Category Errors and GDP Fetishism: Lessons from the 2008 Crisis
Equating GDP with quality of life is a category error. GDP sums up the market value of goods, while well-being is a complex interplay of material conditions and a subjective sense of purpose. Prof. Elżbieta Mączyńska warns against GDP fetishism, which leads to a "bulimic model": constant consumption on credit that destroys social structures and the planet.
This pathology was exposed by the 2008 crisis. Growth indicators failed to warn of systemic risk and, after the crash, were used to legitimize austerity policies that ignored the destruction of human capital. Three logical solutions emerge from this aporia: acknowledging that the state protects only elites, manipulating the definition of prosperity, or—as promoted by the Beyond GDP agenda—rejecting GDP as a sufficient measure of success in favor of multidimensional indicators.
The HLEG Dashboard and the Three Pillars of Modern Statistics
The OECD High-Level Expert Group (HLEG) proposes replacing the economy's "single thermometer" with a dashboard of indicators. The new structure of public statistics rests on three pillars: current well-being, inequalities (both vertical and horizontal), and sustainable development. A key role is played by subjective well-being (SWB), measured through life evaluation, daily emotions, and eudaimonia (a sense of purpose).
These indicators capture phenomena invisible to GDP. Unemployment is a prime example: its tragedy lies not just in lost income, but primarily in the blow to status and social ties, which cash transfers alone cannot compensate for. Regional analyses debunk the naivety of GDP: in the US, growth coexists with stagnant median wages; in Arab countries, high GDP masked the freedom deficits that led to the Arab Spring; meanwhile, Europe is beginning to institutionalize well-being measures in budgetary documents.
Artificial Intelligence and Global Business in the Age of the Climate Crisis
Artificial intelligence is redefining how we measure progress. It can either reinforce the fetishization of numbers by optimizing corporate efficiency or become the infrastructure for GDP 5.0—real-time indicators monitoring natural capital and social sentiment. Global business is already responding to these shifts by implementing ESG reporting and social impact metrics, treating them as essential risk management tools in an unstable world.
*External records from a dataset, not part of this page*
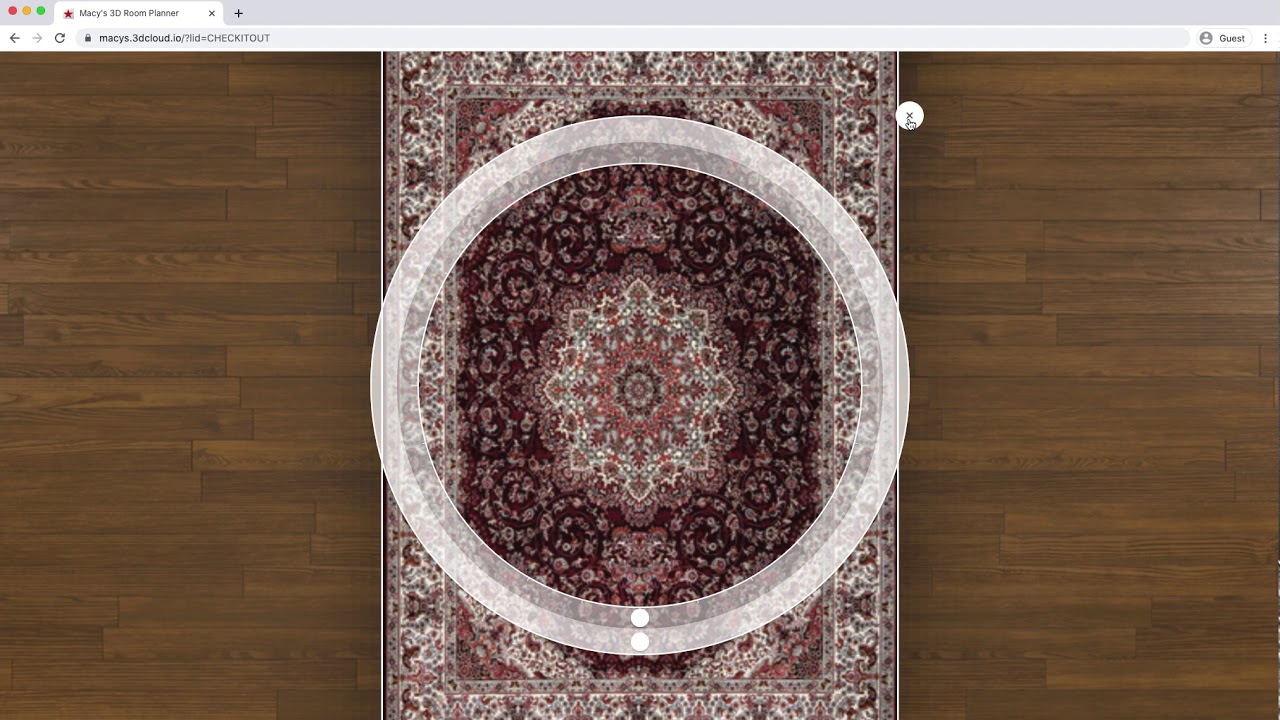 VR furniture shopping YouTube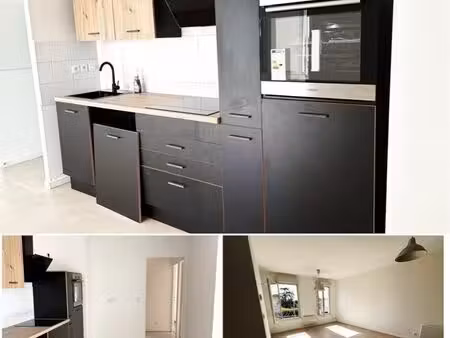 appartement t3 rénové - libre d'occupation - 2 parkings - saintes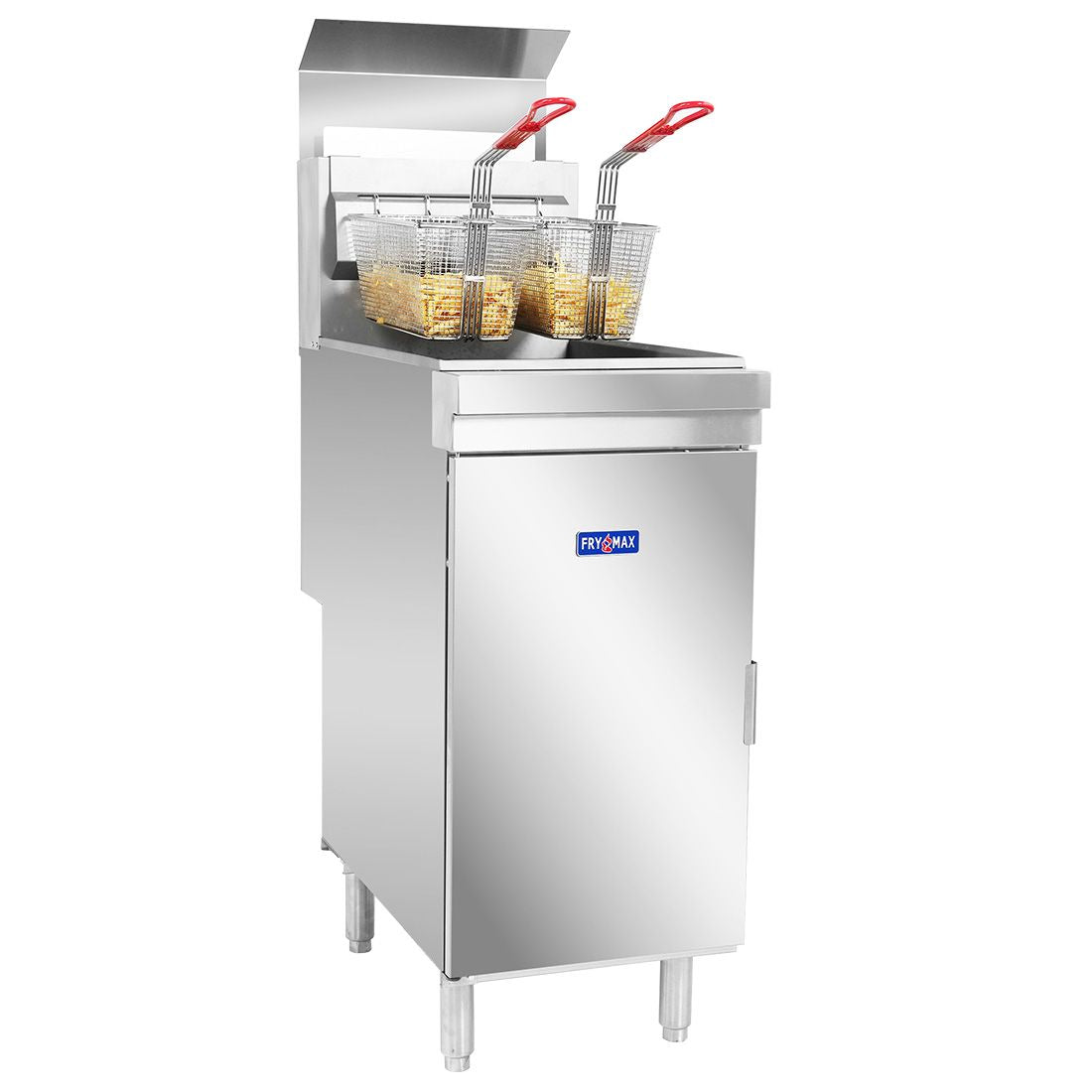FryMAX Superfast Natural Gas Tube Fryer RC300E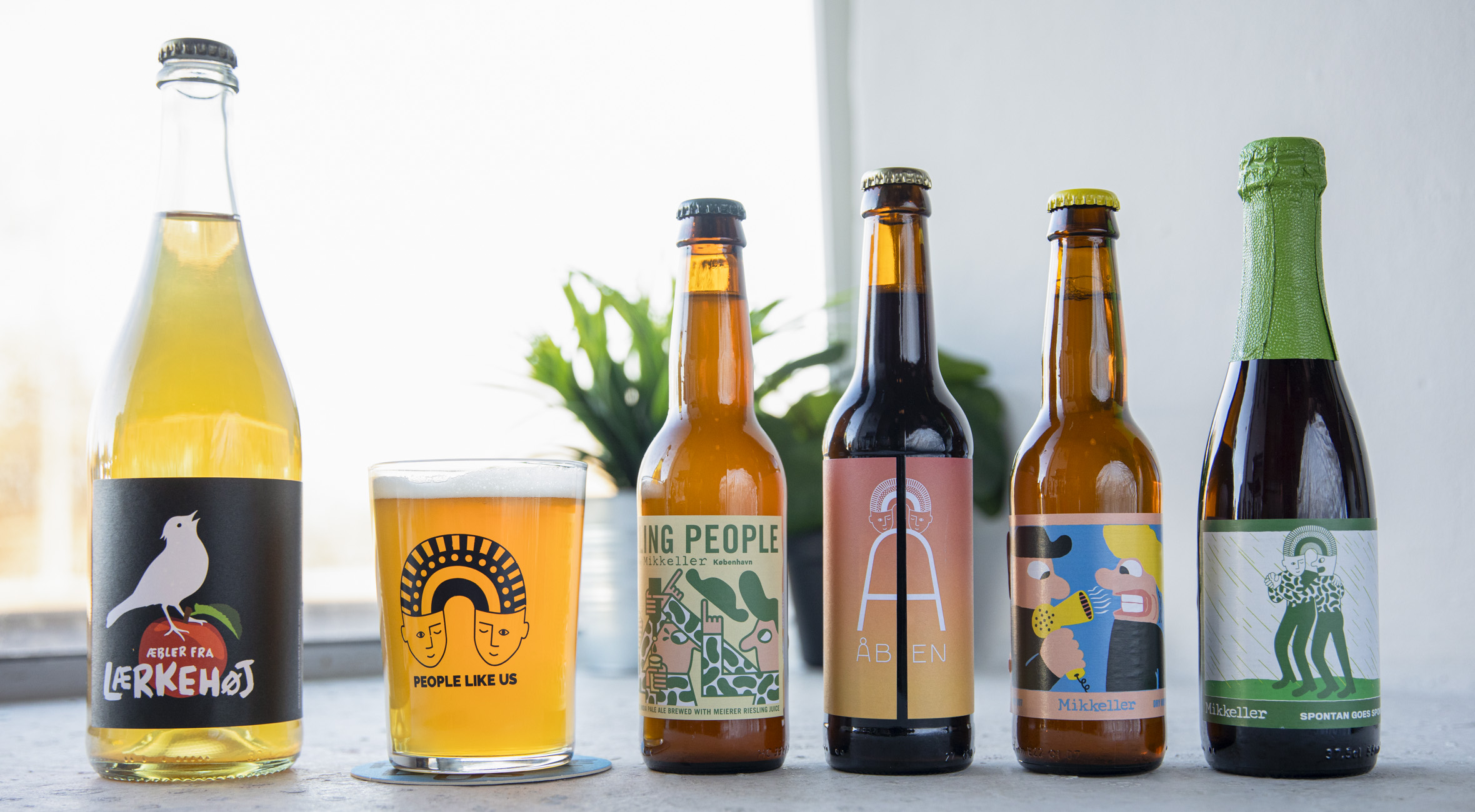 Frit valg til alt hos People Like Us på Amager og Nørrebro – Dansk mikrobryggeri laver social innovation og brygger øl sammen med verdens bedste bryggerier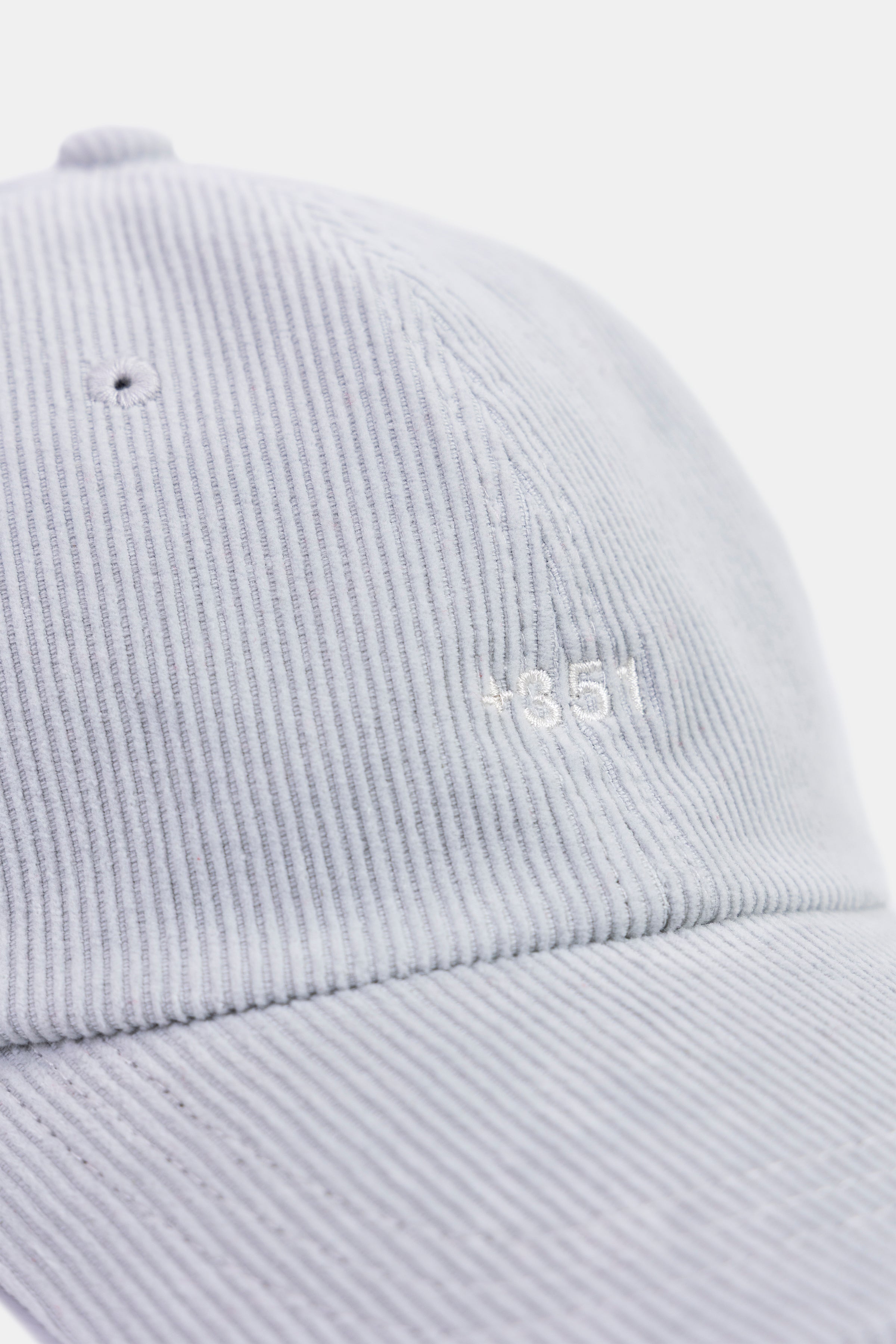 BASEBALL CAP CORDS +351 ICE BLUE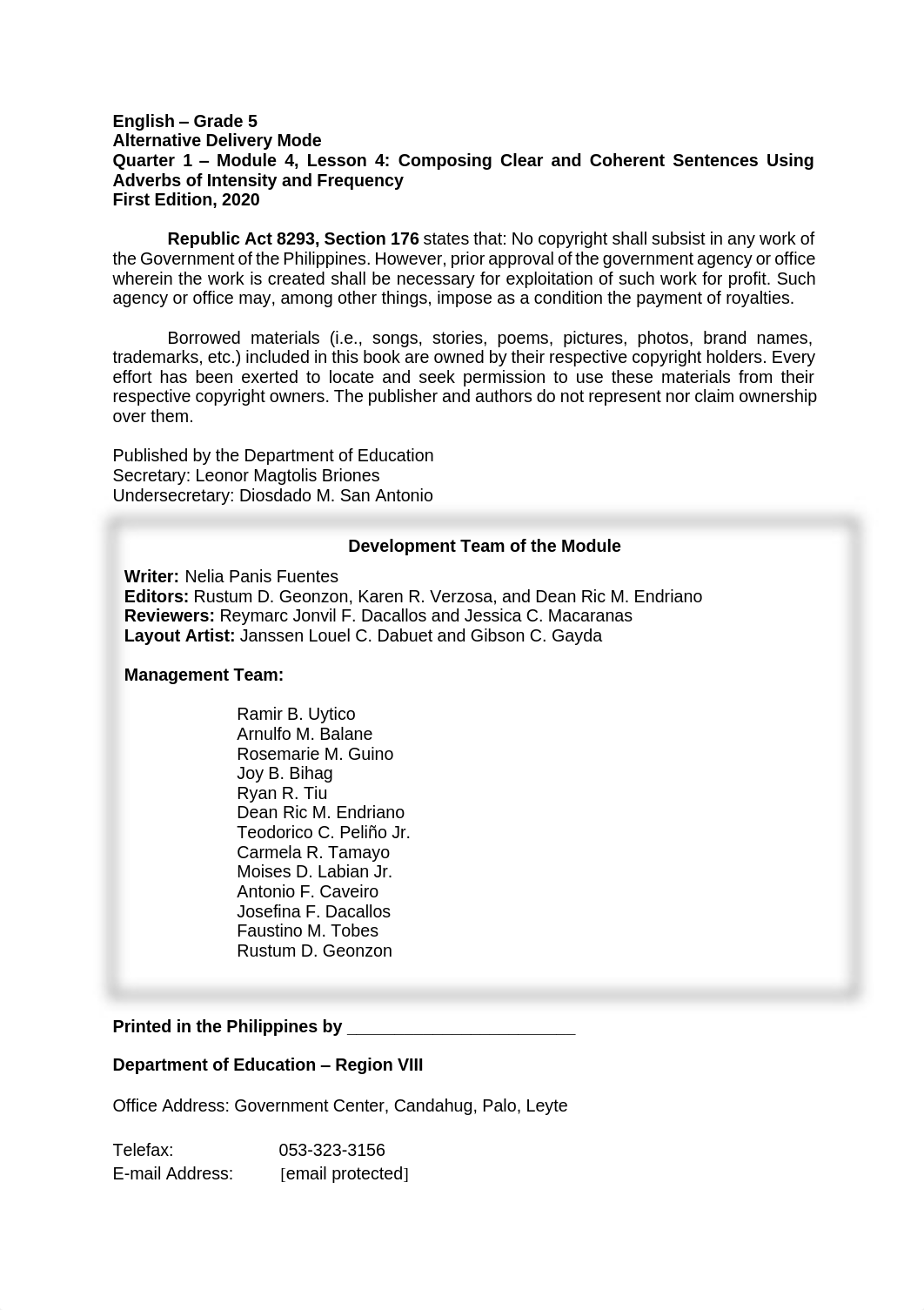 English5_q1_mod4_lesson4_composing-sentences-using-adverbs-of-intensity-and-frequency_v3.pdf_d89i51u5bs6_page2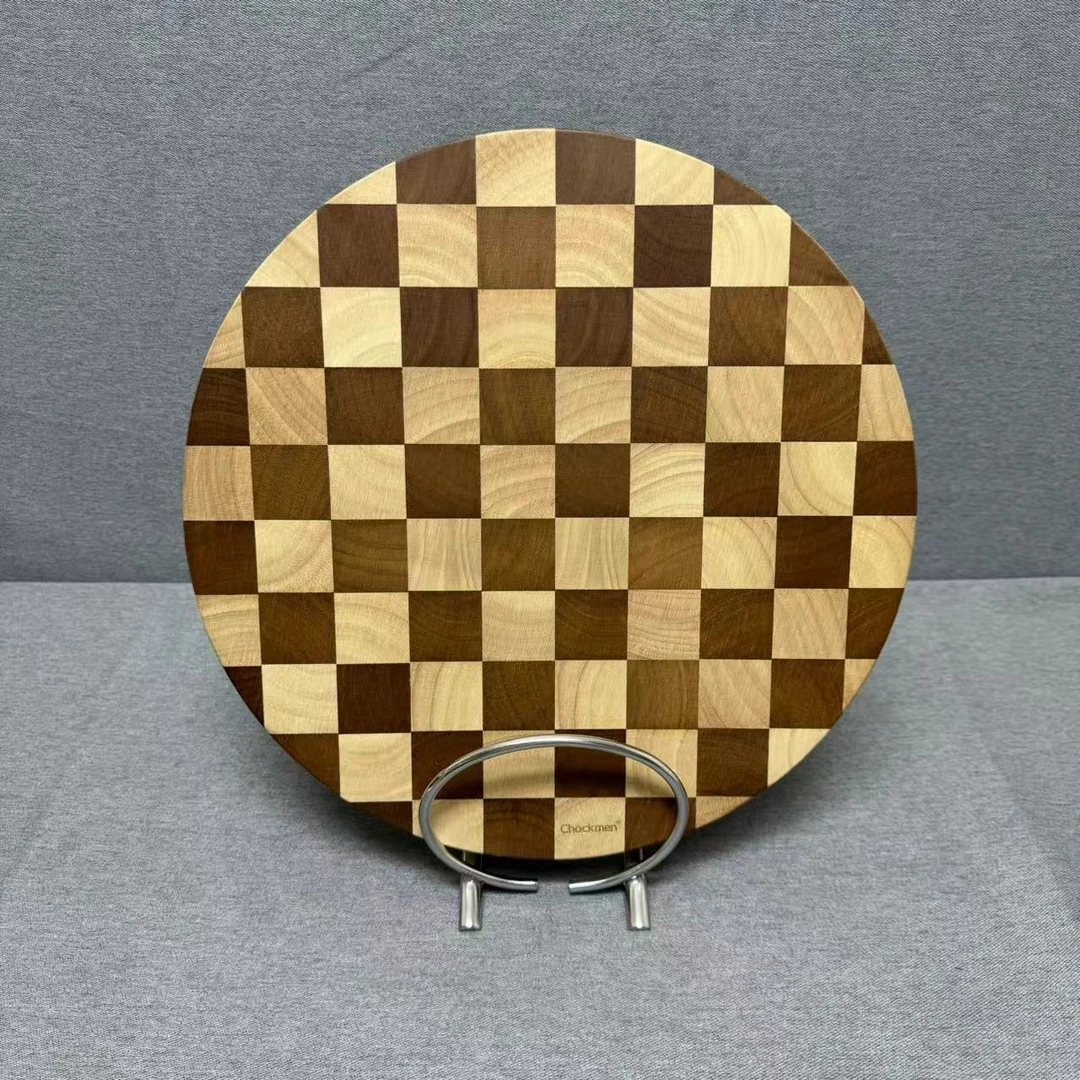 14-018 Chockmen 圆形棋盘菜板 35*3CM 重约1.92KG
However, there is a risk of the technocratic colonization of the "lifeworld," where every emotion becomes a statistical variable to be managed. To avoid this, the well-being agenda must be inextricably linked to democratic debate. In the face of the climate crisis, prophetic rationality dictates that the harmonious development of the economic, social, and ecological spheres be recognized as a hard condition for the survival of civilization.
Summary
Moving away from the dictatorship of a single number toward a dashboard of well-being indicators is a historical necessity. Yet, in the pursuit of optimizing metrics, will we lose what is most precious—authentic experience and freedom of choice? Can algorithms measure the meaning of life, or are we destined for subjective assessments that elude statistics? Perhaps the key is not perfect measurement, but constant reflection on what truly defines our collective progress.